The final step of the analysis is performed by applying the Continuous Wavelet Transform (CWT) to the oscillation component of the vTEC signal in order to construct a time/frequency representation (wavelet spectrum) of the signal.

 

 

Figure 11: Wavelet Spectrogram of the oscillation component of the vTEC signal from iqqe station from one month before the EQ.

The spectrogram highlights the presence of a large power associated with a well-defined oscillation ranging between 0.12 to 0.16 mHz (from about 100 to 140 minutes) from 16th March 2014 at 21.30 UT to 17th March 2014 at 05.30 UT confirming the effects of the foreshock on vTEC.

 

 

CONCLUSIONS:

In this section we have been resumed and described the different approaches applied in the study of earthquake precursor events.

Both Accelerated Moments Release (AMR) and R-AMR were successfully applied to 2014 Chile EQ (M8.2), and the R-AMR seems to provides better results in detecting precursory seismic acceleration with respect to ordinary AMR methodology.
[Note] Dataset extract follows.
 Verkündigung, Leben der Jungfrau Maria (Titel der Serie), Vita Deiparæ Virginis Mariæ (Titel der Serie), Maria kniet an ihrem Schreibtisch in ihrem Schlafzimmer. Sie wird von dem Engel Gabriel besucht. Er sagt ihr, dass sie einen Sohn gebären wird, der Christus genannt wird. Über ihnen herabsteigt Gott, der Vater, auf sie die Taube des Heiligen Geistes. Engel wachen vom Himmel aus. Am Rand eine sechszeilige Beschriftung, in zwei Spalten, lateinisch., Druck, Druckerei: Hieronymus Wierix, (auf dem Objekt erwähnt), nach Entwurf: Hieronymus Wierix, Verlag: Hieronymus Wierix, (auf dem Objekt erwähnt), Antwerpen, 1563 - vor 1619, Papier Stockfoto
The analysis of Swarm magnetic data in which long trend term was removed by cubic-spline fit gives a useful method to identify geomagnetic anomalies in Swarm data.

Finally the estimation of ionospheric background shows that Swarm and GNSS data are in agreement, confirming the possibility to use a cross-linked criteria for the detection of anomalies related to the preparatory phase of a seismic event.